LASRIC will also register the extent to which complying companies commit to their social responsibility promises to those communities that support their businesses. The work will be carried out in consultation with the Ministry of Regional, Local Government, Housing and Rural Development to enable government to create a database of all registered companies and their policy positions relating to the social responsibility governance aspect.
“The survival of any business in this country primarily depends on the level of support received from communities in their respective areas of operation. Businesses therefore cannot do without communities living in local authorities. Imagine the day when consumer (community) interest fails your company. I am sure you will close shop, therefore do not underestimate the relevance and power of people who make your business,” cautioned Kaiyamo.

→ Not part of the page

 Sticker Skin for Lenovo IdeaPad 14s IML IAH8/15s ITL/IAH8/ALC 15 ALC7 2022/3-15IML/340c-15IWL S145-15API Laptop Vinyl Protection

Kaiyamo, aka the ‘Spin Doctor’, further stressed that not only do communities support businesses in monetary terms, but that workers make an impact on the positive turn-over of companies hence the need for their families and children to benefit indirectly through social responsibility initiatives whether in the form of support towards construction of crèches, schools, churches, sports facilities or other intervention projects aimed at creating jobs for the unemployed.